*** DATA UNDER STUDY ***

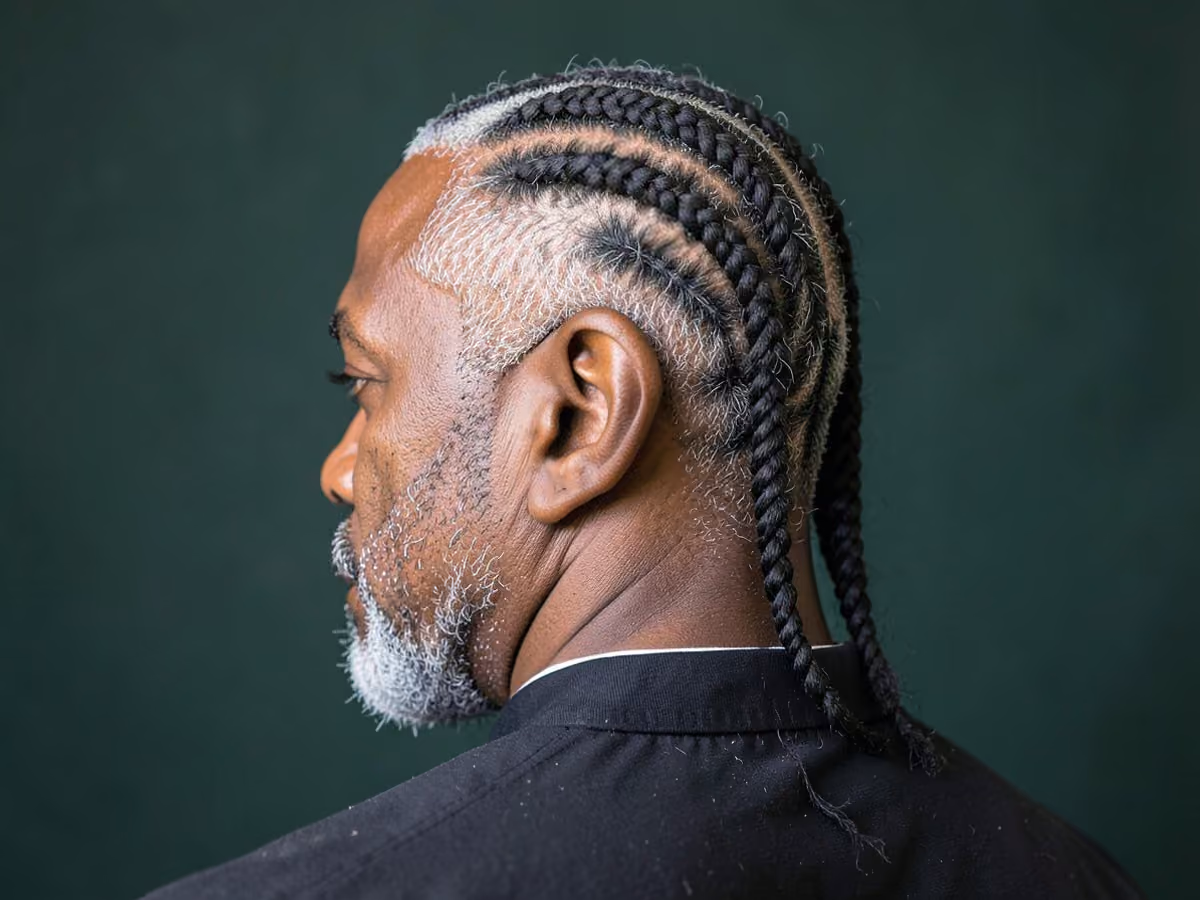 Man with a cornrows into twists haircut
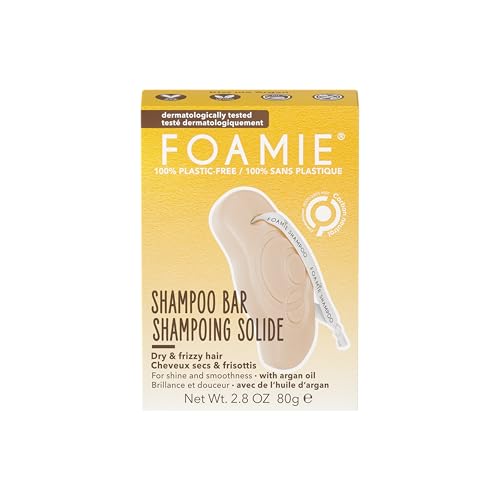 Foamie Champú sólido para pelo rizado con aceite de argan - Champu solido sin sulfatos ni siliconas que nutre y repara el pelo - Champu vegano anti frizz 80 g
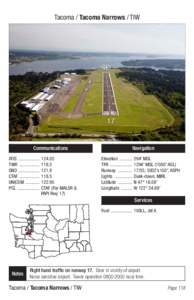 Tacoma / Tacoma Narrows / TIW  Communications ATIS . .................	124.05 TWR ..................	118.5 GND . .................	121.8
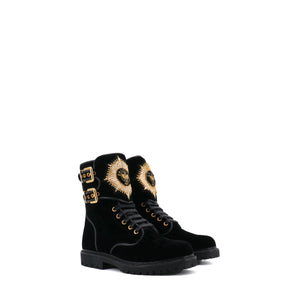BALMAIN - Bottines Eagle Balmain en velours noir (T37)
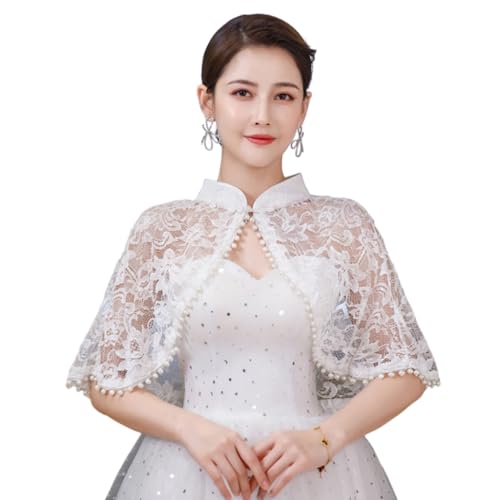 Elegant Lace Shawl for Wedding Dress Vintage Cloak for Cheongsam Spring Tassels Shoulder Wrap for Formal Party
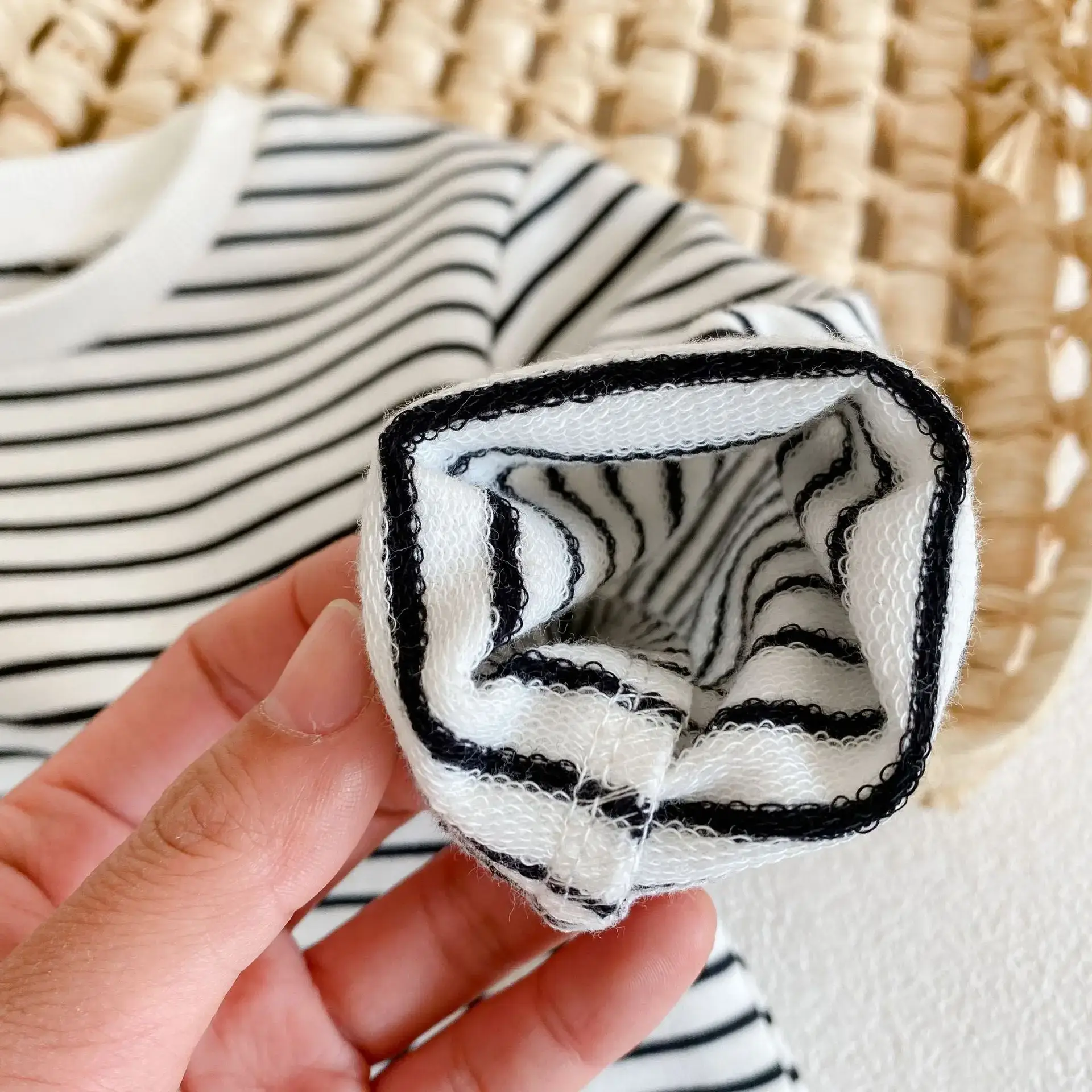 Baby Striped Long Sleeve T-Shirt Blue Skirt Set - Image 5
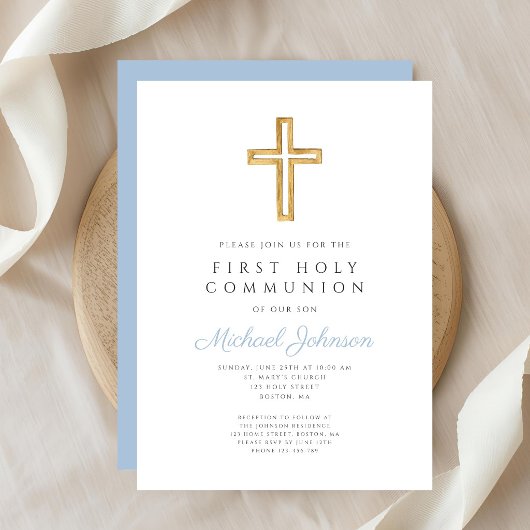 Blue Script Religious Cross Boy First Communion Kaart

*** End of DATA UNDER STUDY ***

## YOUR OBJECTIVE:
Repeat the records above exactly, from the first line through the line containing "Foamie Champú sólido", and leave out the pictures.

## TASK SOLUTION:
 Man with a cornrows into twists haircut
 Foamie Champú sólido para pelo rizado con aceite de argan - Champu solido sin sulfatos ni siliconas que nutre y repara el pelo - Champu vegano anti frizz 80 g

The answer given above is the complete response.